Science magazine has labeled Christakis and Fowler the “dynamic duo”

Nicholas Christakis of Harvard and James Fowler of UC San Diego have produced a series of ground-breaking papers analyzing the spread of various traits in social networks: obesity, smoking, happiness, and most recently, in collaboration with John Cacioppo, loneliness. The Christakis-Fowler collaboration has now become well-known, but from a technical perspective, what was special about their work?

It turns out that they found a way to distinguish between the three reasons why people who are related in a social network are similar to each other.

  1. Homophily is the tendency of people to seek others who are alike. For example, most of us restrict our dates to smokers or non-smokers, mirroring our own behavior.
  2. Confounding is the phenomenon of related individuals developing a trait because of a (shared) environmental circumstance. For example, people living right next to a McDonald’s might all gradually become obese.
  3. Induction is the process of one individual passing a trait or behavior on to their friends, whether by active encouragement or by setting an example.

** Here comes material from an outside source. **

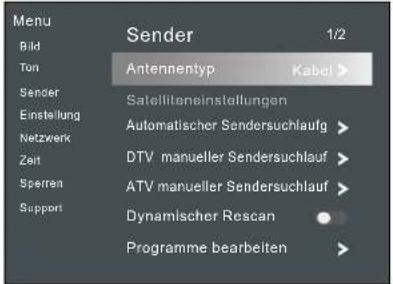 Terris UHD 4982 - KABEL WÄHLEN - 1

Clearly, only induction can cause a trait to actually spread in a social network. To distinguish between the three effects and to prove causality, according to the authors, the key is longitudinal data–data from the same individuals collected over a period of years or decades. All of the works cited above are based on the Framingham Heart Study. This corpus of data is ideally suited in several ways:

  • It contains data from three generations of individuals.
  • Very few of the participants (10 out of over 5,000) dropped out:
  • “Even subjects who migrate out of the town of Framingham (to points throughout the U.S.) remain in the study and, remarkably, come back every few years to be examined and to complete survey forms.”
  • The original study sample comprised the majority of the population of Framingham, which is (presumably) a somewhat closed social network.

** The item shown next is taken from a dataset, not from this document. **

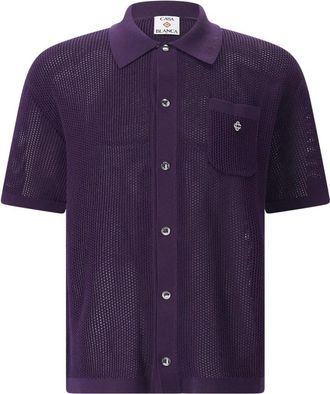 Casablanca Polo Shirts - Heren - Polos - Paars - XL - Katoen - Tops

This illustrates the traditional way of doing things, using carefully selected high-quality data. With the growth of online social networking websites, however, a radically different approach is gaining prominence. A good example is this Slate article that analyzes the recent “25 random things” Facebook meme using well-known epidemiological models, and concludes that marketers should “introduce a wide variety of schemes into the wild and pray like hell that one of them evolves into a virulent meme.” For a more academic/rigorous example, see the paper “Characterizing Social Cascades in Flickr” (pdf), which looks at how information disseminates through social links.

Many analogies come to mind when comparing the Old School to the New School: the Cathedral vs. the Bazaar, or Britannica vs. Wikipedia. Information in social networking sites is collected through a chaotic, organic, unsupervised process. The set of participants is entirely self-selected. Against these objections stands the indisputable fact that the process produces several orders of magnitude more data at a fraction of the cost.

Despite being only a few years old, online social network analysis has already produced deep insights: the work of Jon Kleinberg springs to mind. But will it supplant the traditional approach? I think so. My hypothesis is that with sufficiently powerful analytical methods, quantity can compensate for noise in the data. Don’t take my word for it: Harvard professor Gary King considers the availability of data from online social networks to be the “most significant turning point in the history of sociology.”

The amount and variety of social network data available to researchers, marketers, etc. is rapidly increasing; there is a detailed survey in my forthcoming paper (at IEEE S&P) on de-anonymizing social networks. In spite of the rather serious privacy concerns that are identified in the paper, the balance of business incentives appears to be towards more openness, and my prediction is that social networks will continue to move in that direction. Facebook alone has an incredible wealth of as-yet untapped data on information flow–recent the feed-focused redesign instantly transformed posted items, group memberships and fan pages into meme propagation mechanisms.

The new approach to social network analysis has benefits other than the quantity of data available. Equally important is the fact that users of social networking sites are not participating in a study; we get to observe their lives directly. The data is thus closer to reality. Furthermore, there is the possibility of studying the population actively rather than passively. For instance, if the goal is to study meme propagation, why not introduce memes into the population? This gives the researcher much greater control over the timing, point of introduction, and content of the memes being studied. Of course, this raises ethical and methodological questions, but they will be worked out in due course.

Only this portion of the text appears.